Friday Transportation Seminars at Portland State University have been a tradition since 2000. You can join us online at 11:30 AM.



Law enforcement traffic stops are one of the most common entryways to the US justice system, with significant downstream impacts for both individuals and communities. Group-specific rates are typically based on jurisdiction resident populations; these rates, like many justice-system indicators, demonstrate race-ethnicity disparities. Residential-based rates implicitly assume race-ethnicity groups have equal vehicle access, equal driving volume, and that all driving occurs in resident’s jurisdictions. In contrast, surveys suggest Black non-Hispanic and Hispanic households have less access and drive less than white non-Hispanic households. Models incorporating US Census data and race-ethnicity driving factors from the 2017 National Household Travel Survey showed increased disparities for Black non-Hispanic drivers; all models suggested both groups experience disparate traffic stop rates compared to white non-Hispanic drivers.

A police department in Fayetteville, NC attempted to reduce these disparities by focusing on safety-related traffic stops; intervention results will be shared. The Public Health Critical Race Praxis (PHRCP) guided framing, results interpretation, and self-evaluation of study aims. Traffic stops have associated public health outcomes and create disparities of relevance for public health researchers. Interventions guided by critical public health frameworks can save lives and reduce disparities.

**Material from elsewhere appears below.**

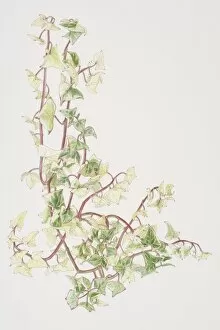 Daisy Family Gallery: Senecio macroglossus Variegatus, Cape Ivy or Natal Ivy or Wax Vine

  • Understand fundamentals of traffic stop related disparities
  • Learn about the Public Health Critical Race Praxis framework and applications
  • Think critically about public health interventions intersecting criminal justice systems


Mike Dolan Fliss, Research Scientist, University of North Carolina Injury Prevention Research Center

Mike is a public health data scientist using R to bring public health and social justice together. Trained as an epidemiologist (PhD), computer scientist (MPS), and social worker (MSW), Mike is dually affiliated with the NC Division of Public Health and the University of North Carolina, where he teaches a course on R for Public Health Epidemiology (with content publicly available online) and stand-alone R workshops. Mike’s current projects include identifying racial injustices in policing and in the built and natural environment; tracking injury outcomes like opioid overdoses, child maltreatment, and car crashes; and building public health dashboards for situational awareness, policy change, and population health improvement.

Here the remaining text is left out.